Wrongful trading is different than fraud in that it restricts the imposition of liability only on the director or partner of the CD. The liability accrues on the director or partner when:
a. The director or partner knew or ought to have known that insolvency proceedings were impending AND
b. Did not take reasonable steps to mitigate the loss to the creditors of the CD in light of having or having to have known such fact.
Basically, the director or partner had to exercise due diligence in minimizing the potential loss to creditors of the CD. Thus, unlike fraud, the presence of dishonest intention is not material as even negligence on part of the directors or partners suffices to attract liability.
Under this section, directors have to ensure no further debts are incurred by the company in twilight period and also ensure that subsequent revival and rehabilitation measures are promptly taken. The twilight period is the period between when directors know or ought to have known that insolvency is forthcoming and when the process is actually initiated. Directors are expected to take positive action to mitigate creditor losses in this time and their actions being determined wrongful under 66 (2) depend solely on the actions taken during this period.

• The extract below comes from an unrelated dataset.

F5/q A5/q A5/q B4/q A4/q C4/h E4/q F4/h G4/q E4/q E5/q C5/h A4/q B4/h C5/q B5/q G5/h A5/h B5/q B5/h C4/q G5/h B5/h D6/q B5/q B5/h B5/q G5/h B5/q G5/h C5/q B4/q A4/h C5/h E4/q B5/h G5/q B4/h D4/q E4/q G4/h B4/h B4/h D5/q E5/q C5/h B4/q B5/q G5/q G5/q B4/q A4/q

The practical difficulties that arise in this section are in determining what amounts to a director knowing? When does the twilight period begin? What amounts to exercise of due diligence? How can one ascertain if the loss has been mitigated or not?
In conclusion, fraudulent and quasi-fraudulent transactions are broad in nature and can encompass various elements within them. It is possible for a transaction to be in the nature of a preferential, undervalued and fraudulent transaction as well. Such considerations were brought about in the famous case of Anuj Jain, Interim Resolution Professional for Jaypee Infratech Limited vs. Axis Bank Limited. Thus, there are several practical hurdles, aspects and considerations that are involved in transactions of a fraudulent nature.